要点(1) 土壤中的Cr(Ⅵ)主要以铬酸盐(CrO4 2−)、氢铬酸盐(HCrO4 − )和重铬酸盐(Cr2O7 2−)等氧化离子的形式存在,是土壤中毒性最大的Cr价态。
(2) 土壤中Cr价态受Eh、有机质等多种因素影响,这些因素可以促进或抑制Cr(Ⅵ)的还原。
(3) 生物炭和纳米材料等新型修复技术能够将Cr(Ⅵ)有效地还原为低毒性的Cr(Ⅲ),是治理Cr(Ⅵ)污染的一种可行技术方案。
HIGHLIGHTS(1) Cr(Ⅵ) in soil mainly exists in the form of oxidized ions such as chromate (CrO4 2− ), hydrogen chromate (HCrO4 − ), and dichromate (Cr2O7 2− ), and is the most toxic Cr valence state in soil.
(2) The valence state of Cr in soil is affected by Eh, organic matter and other factors, which can promote or inhibit the reduction of Cr(Ⅵ).
(3) New remediation technologies such as biochar and nanomaterials can effectively reduce Cr(Ⅵ) to low toxicity Cr(Ⅲ), which is a feasible technical solution for treating Cr(Ⅵ) pollution.

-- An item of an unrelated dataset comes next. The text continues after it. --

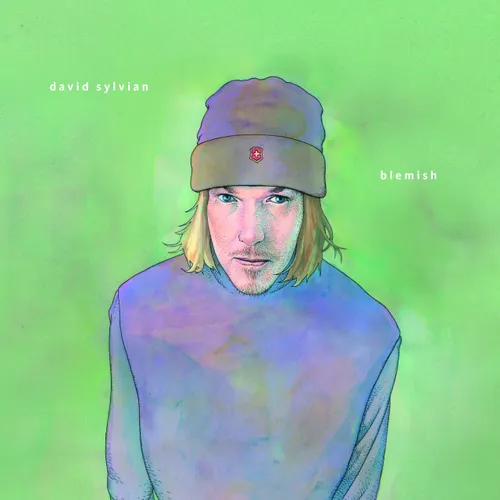 David Sylvian - Blemish vinyl record cover
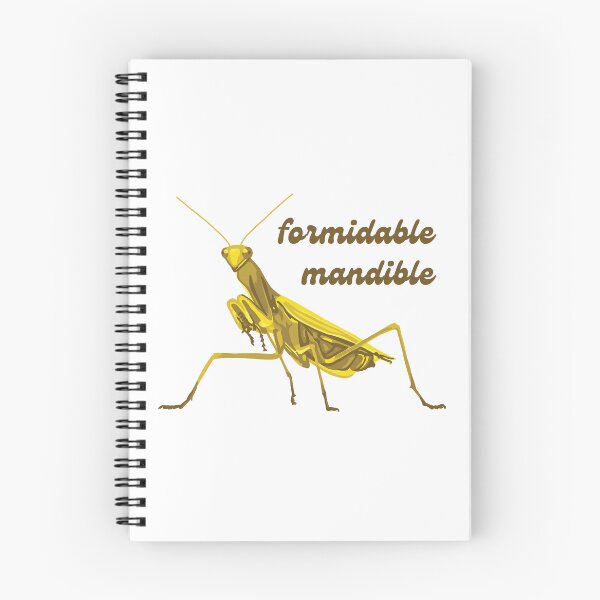 Item preview, Praying Mantis Has A Formidable Mandible designed and sold by Unhinged Heather.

Abstract:Chromium (Cr) pollution in soil is a global environmental problem, and hexavalent chromium [Cr(Ⅵ)] has become a focus of attention due to its high toxicity and carcinogenicity. Cr in soil mainly exists in the form of Cr(Ⅲ) and Cr(Ⅵ), and the transformation between the two is influenced by factors such as soil pH, redox potential (Eh), natural redox agents, organic matter, and microorganisms. This article provides an overview of the global pollution status and sources of Cr in soil, as well as the different valence states and toxicity characteristics of Cr in soil. It also analyzes the redox mechanisms of chromium valence state transformation in soil affected by different factors, as well as the interactions between different factors. In addition, through a deep understanding of the factors affecting the valence state of Cr, advanced remediation techniques represented by biochar and nanomaterials have emerged. These methods can effectively reduce Cr(Ⅵ) to less toxic Cr(Ⅲ), thereby reducing ecological and environmental risks. Therefore, they are a potentially valuable remediation material and technique. However, the feasibility and effectiveness of large-scale applications still need further verification. The BRIEF REPORT is available for this paper at http://www.ykcs.ac.cn/en/article/doi/10.15898/j.ykcs.202401180007.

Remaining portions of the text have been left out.